Industry analysts say the previous system, while administratively streamlined, created vulnerabilities in the supply chain. Manufacturing delays abroad, shipping disruptions or local logistical bottlenecks could result in extended shortages of essential medicines, including insulin, oncology treatments and common antibiotics.
The single-agent structure also limited price competition, keeping costs elevated for many branded medicines and slowing the uptake of generics. This has had a significant impact on expatriate residents, who make up the majority of the UAE’s population and typically rely on private insurance or out-of-pocket payments for treatment.
Under the new framework, multiple agents per product are expected to introduce both redundancy and competition. If one distributor faces delays, others can maintain supply. Companies will also compete on pricing, delivery speed and service agreements with pharmacies and hospitals.
Market observers say liberalisation in comparable markets has led to price reductions of 10 to 20 percent, particularly for chronic disease treatments.
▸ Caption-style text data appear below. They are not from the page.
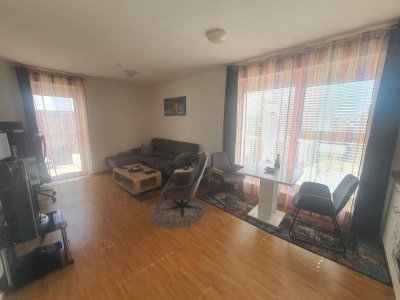 große &amp; sonnige Terrasse - Wohnung mit 2 Zimmer - ab 01.01.2026 - jetzt Besichtigung vereinbaren!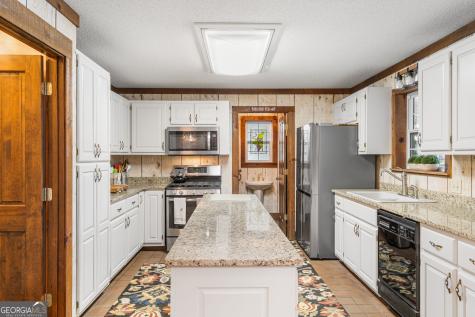 354 Harrison Circle Hiawassee GA 30546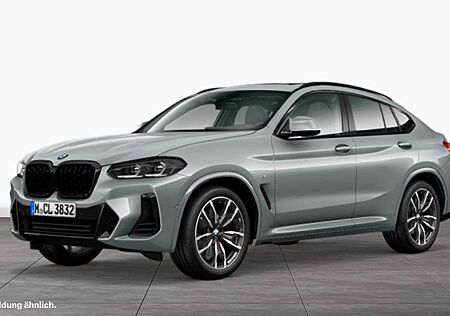 BMW X4 M X4 XDRIVE20D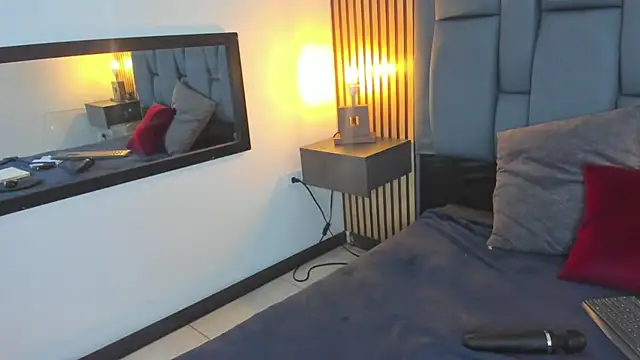 Angelic_serenity's cam snapshot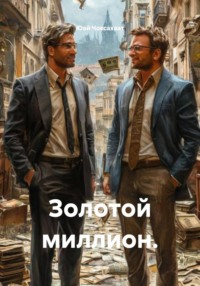Золотой миллион.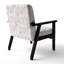 Chaise rembourrée Modern-1205880166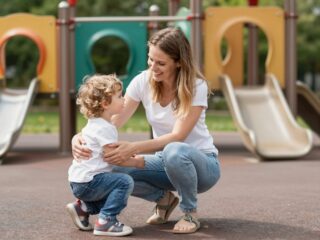 Hogyan neveljünk magabiztos gyermeket? Ezt a 4 dolgot kerüld el mindenáron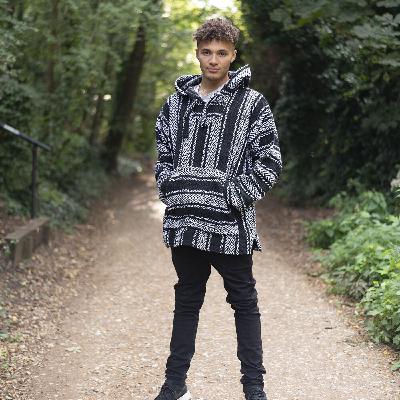 Baja Hoodie - A few thoughts on the Baja Hoodie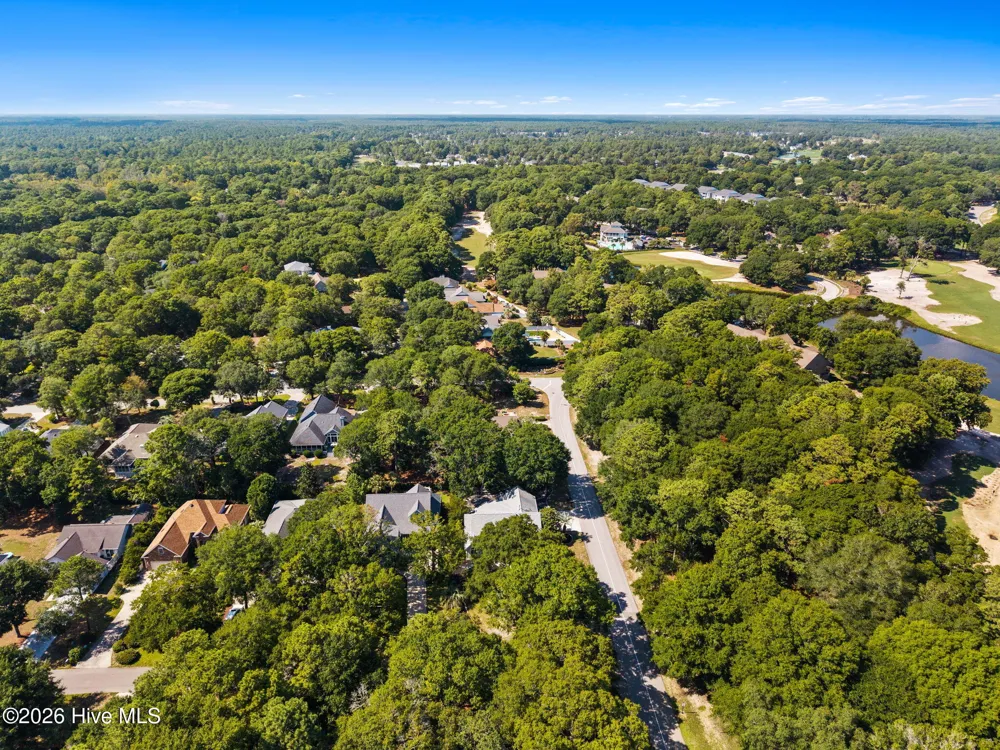 103 Olde Oak Lane Sunset Beach, NC 28468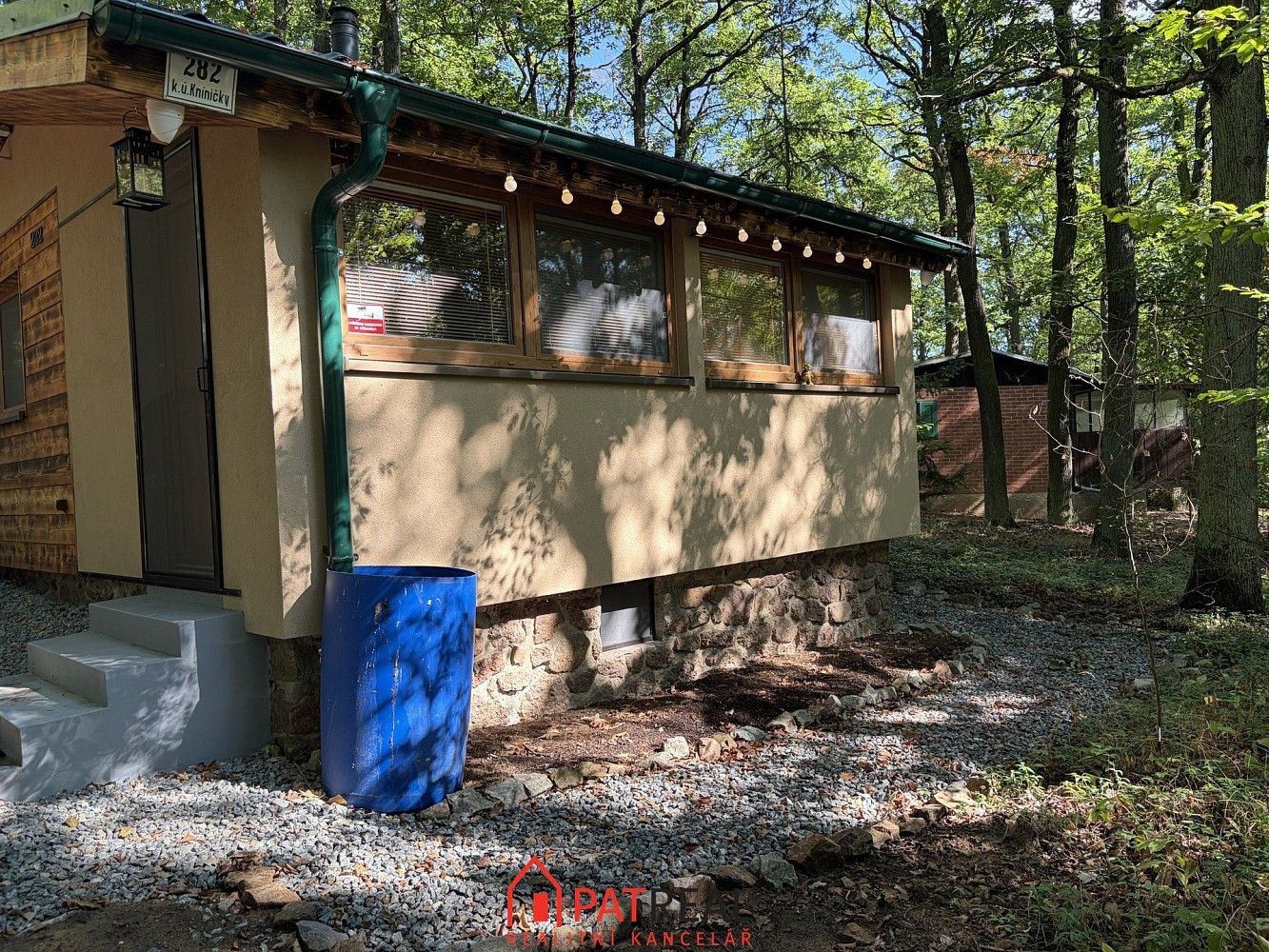 Chalupa · 33 m² · Brno - Kníničky, okres Brno-město, Jihomoravský kraj - 3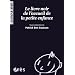Le livre noir de l'accueil de la petite enfance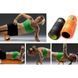 Массажный ролик LiveUp YOGA ROLLER LS3768-o фото 4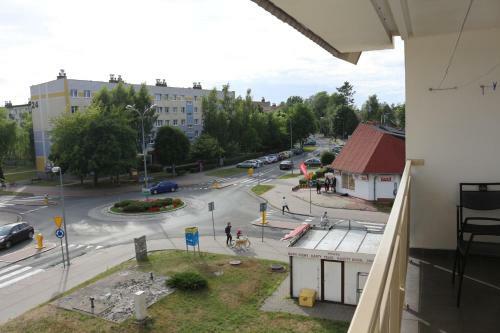 Apartament 2-pokojowy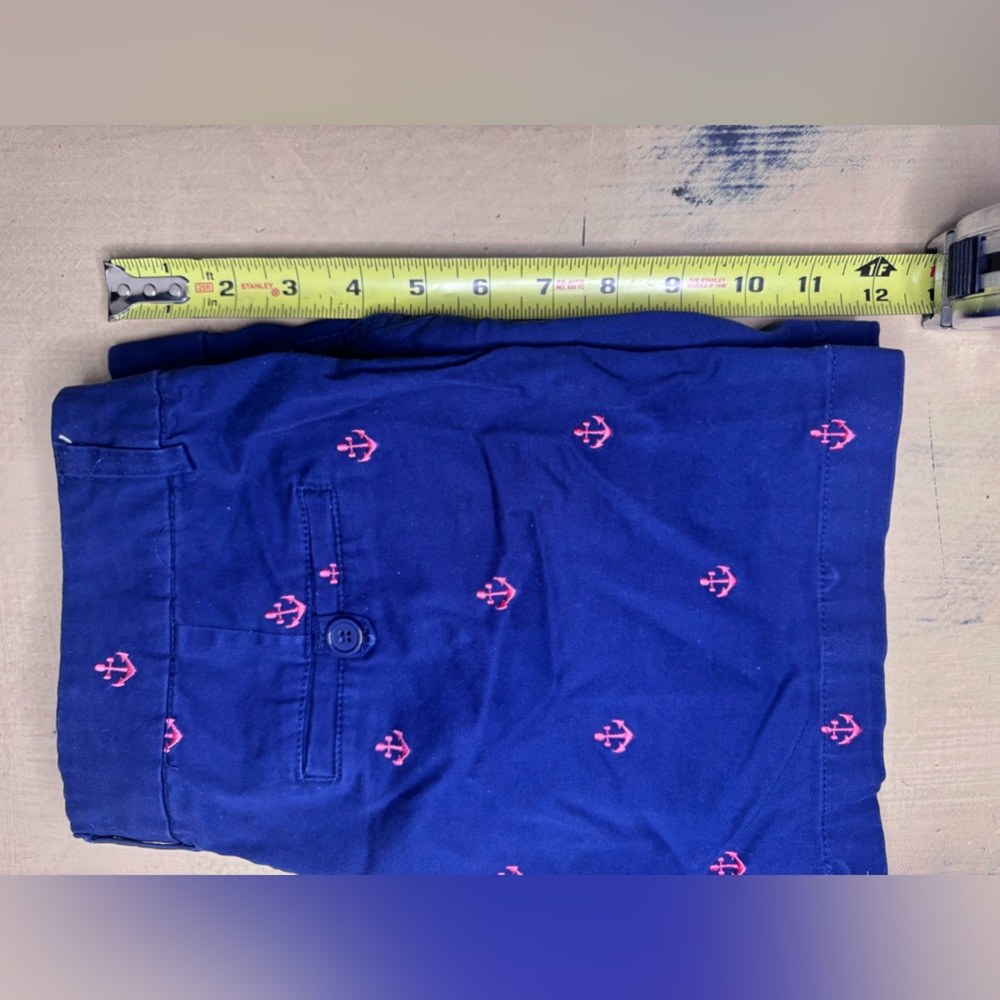 Cambridge Dry Goods Shorts - Picture 6 of 6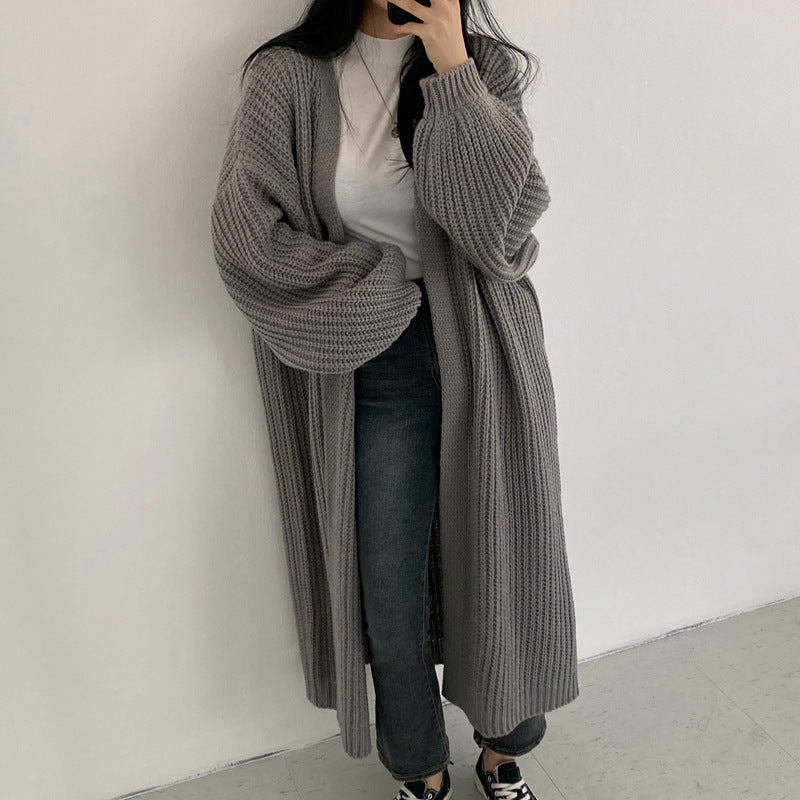 Gabby Gebreide Vest | Warm & Cozy voor de koudere dagen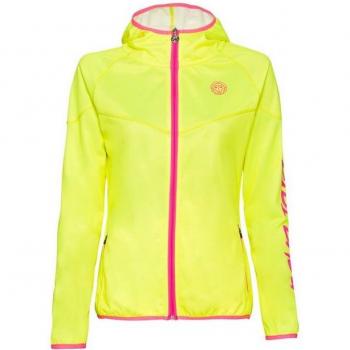Tech-Inga Bidi Badu Women's Coat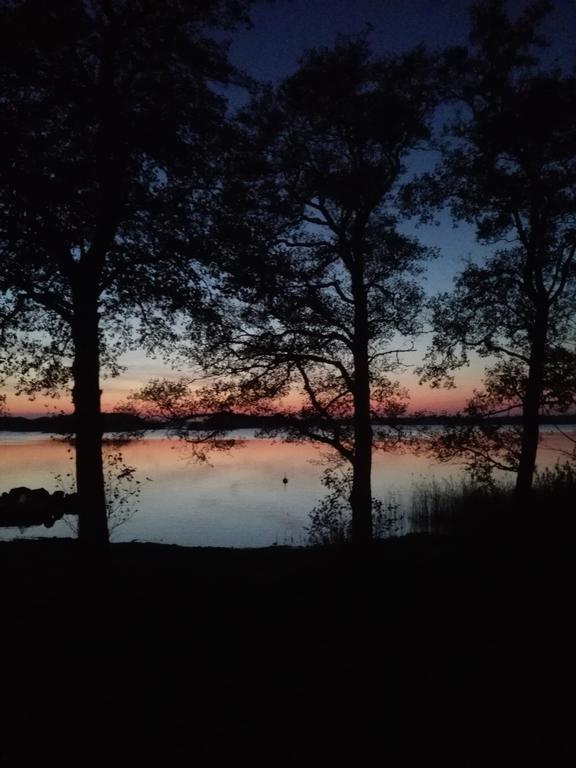 Strandbo Forby Buitenkant foto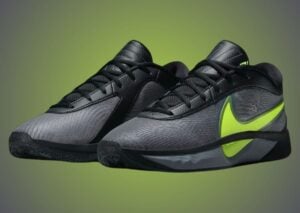Nike Giannis Freak 6 “Naija” Releases September 2024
In the UAE, where diabetes affects roughly one in five adults and hypertension rates are also high, lower prices could ease pressure on household budgets and insurance co-payments.
The reform is also expected to improve coverage in smaller clinics and in the northern emirates, where supply gaps have been more pronounced.
Major domestic manufacturers are seen as well positioned to expand partnerships and distribution networks under the new rules.
International drugmakers including Pfizer, Novartis, Sanofi, GlaxoSmithKline and AstraZeneca may accelerate local manufacturing, partnerships or clinical research activity to maintain competitiveness in a more open market.
Indian generics manufacturers such as Sun Pharmaceutical Industries and Dr. Reddy’s Laboratories are also expected to explore expanded access.
The UAE pharmaceutical market, currently estimated at between $4 billion and $5 billion, is projected by industry sources to approach $8 billion in the early 2030s, supported by population growth, medical tourism and investment in life sciences.
As a key pharmaceutical hub within the Gulf, the UAE’s regulatory shift may influence policy discussions in neighbouring countries seeking to strengthen supply resilience and local manufacturing under broader economic diversification strategies.
Implementation is expected to take place in phases as companies appoint additional agents and regulators oversee compliance and quality standards. Officials say the objective is to ensure more stable supply, competitive pricing and improved access to medicines while maintaining rigorous safety oversight.
For patients, particularly those managing chronic conditions, the reform signals a shift toward a more competitive and resilient medicines market in one of the region’s fastest-growing healthcare systems.